He said the separation of powers as prescribed under the constitution between the judiciary, executive and legislature should be respected and upheld by all those presiding over the three organs.
Each organ of the state was duty bound not to disturb the separation of powers as the written constitution limits the scope for discretion, the chief justice said.
Calling for restraint in legislative overreach, he said, "We are not afraid of being accountable."
Bur while making judges accountable, judicial independence should not be lost.
He called for detailed studies and wide-ranging consultation, including with judicial luminaries, before any tinkering was done with the constitution.

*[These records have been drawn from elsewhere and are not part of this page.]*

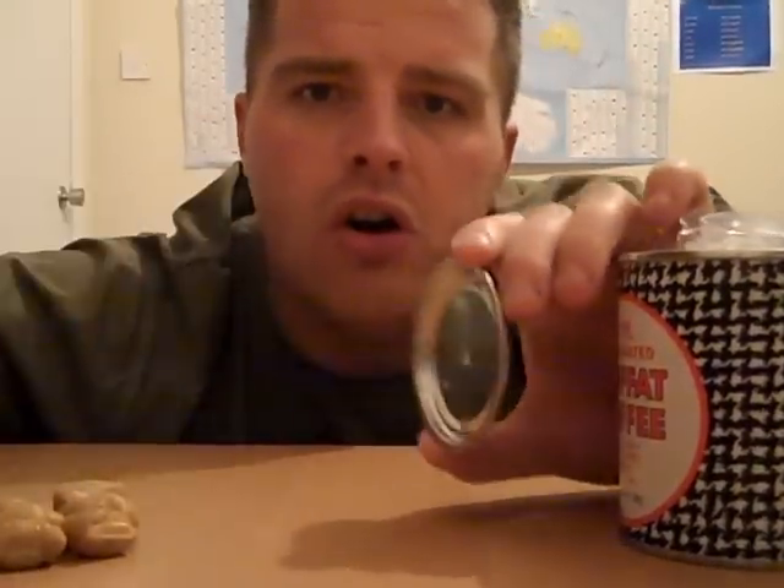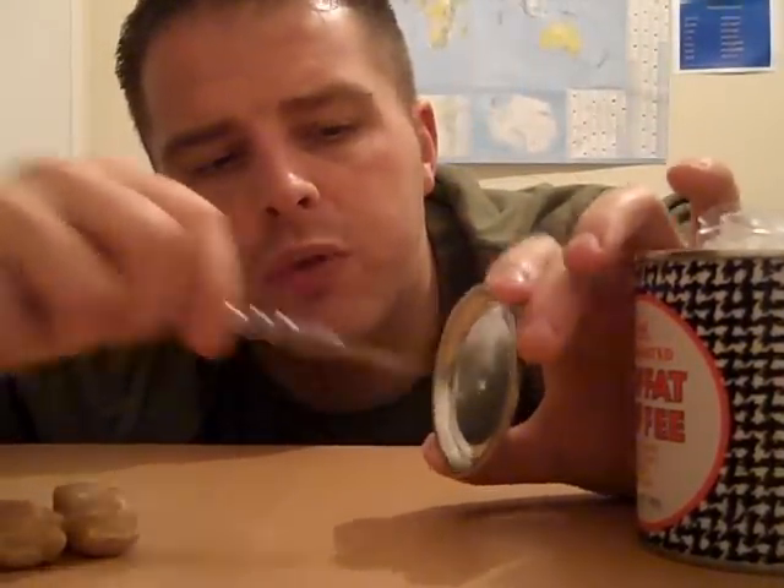And once you've finished all the sweets, even better, you keep the tin. Put a wee hole on the top of the tin, and you've got a wee bank where you can start saving for next year. Or you can also just use the tin for storage. Perfect.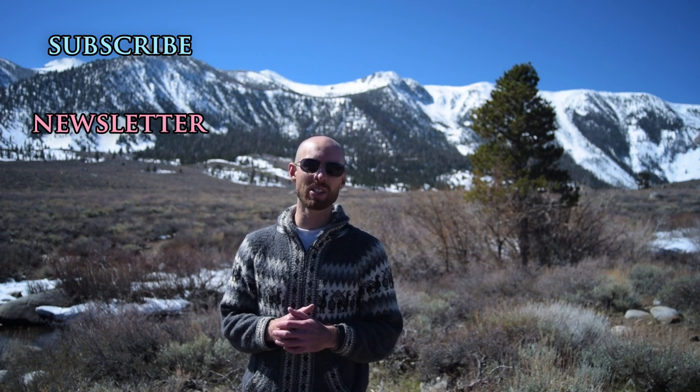As always, thanks for watching. Be sure to check out our videos to see how to use each of these filters for the best possible results. And if you like this video, please share it, subscribe, and give it a thumbs up. You can also join our newsletter to stay up to date with the latest tips, tutorials, and courses. Until next time, have fun and happy shooting.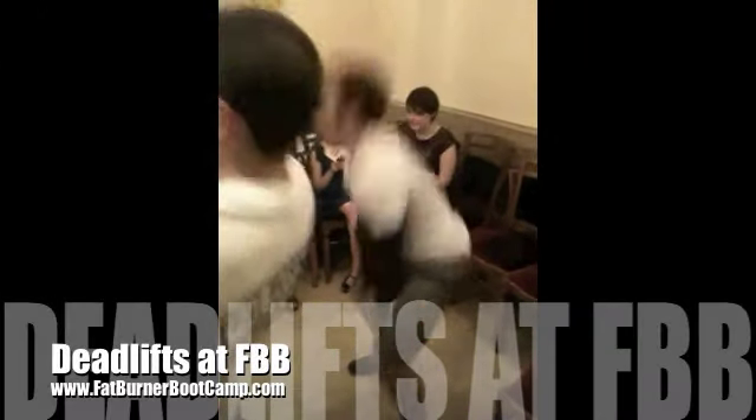The exercise to do for the waist, the abs, is a deadlift. We're using the legs, and it's really big on the abs right now, really big on the torso.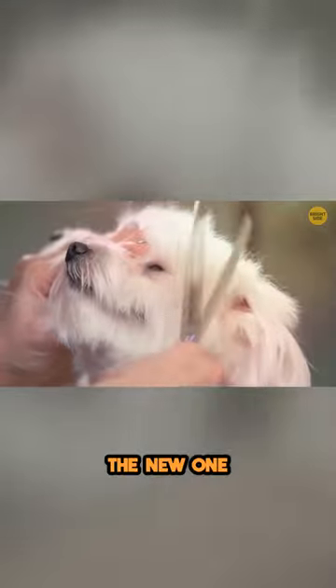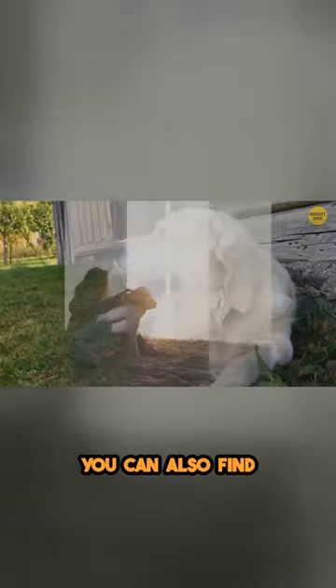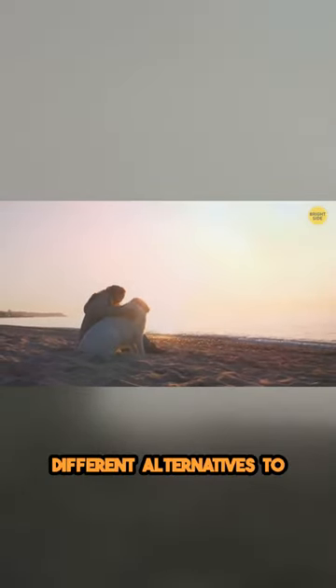When you shave a dog's fur, the new one coming in might get curly or entangled. It might just be better to leave it as is. You can also find different alternatives to keep them cool.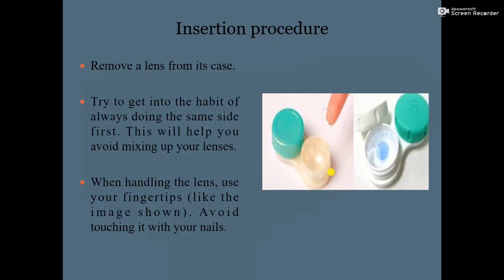Next, remove a lens from its case. Try to get into the habit of always doing the same side first — this will help you avoid mixing up your lenses. Always put the right eye and left eye contact lens on the same side of the container, which is especially helpful if both eyes have different power.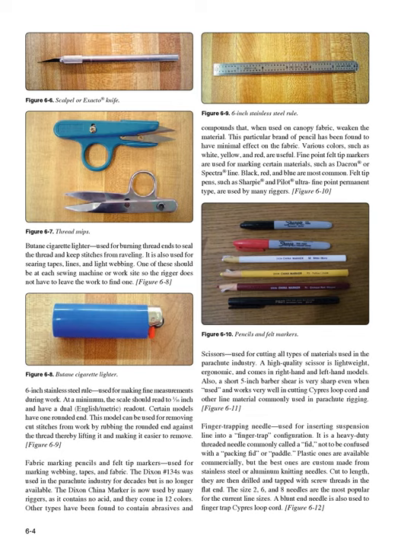Scissors (Figure 6-10): used for cutting all types of materials used in the parachute industry. A high-quality scissor is lightweight, ergonomic, and comes in right-hand and left-hand models. Also, a short 5-inch barber shear is very sharp and works very well in cutting cypress loop cord and other line material commonly used in parachute rigging.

"Please don't suffocate justice," Kapadia said, describing justice as the oxygen of democracy.
He said transparency and accountability of judicial functioning had to be compatible with judicial independence.
In a counsel to judges of the apex and high courts that they should avoid judicial over-reach, Kapadia said the rights of institutions also needed to be respected.
He told the judges that "legality and legitimacy" go together and if there was any encroachment into the sphere of other organs of the state, then the "legitimacy of the judicial review will be obliterated".
Asking the judges to be more careful while writing judgments, Kapadia said they should keep the text of the constitution and the constitutional assembly debates in mind.
Earlier, Law Minister Salman Khurshid noted the role played by the apex court in meeting the challenges of equity and conflicting claims.
Attorney General Goolam Vahanvati urged people not to lower themselves in their own estimation.
Supreme Court Bar Association president Pravin Parikh read out a message from President Pranab Mukharjee who pressed the need to make people aware of their rights and duties towards their motherland.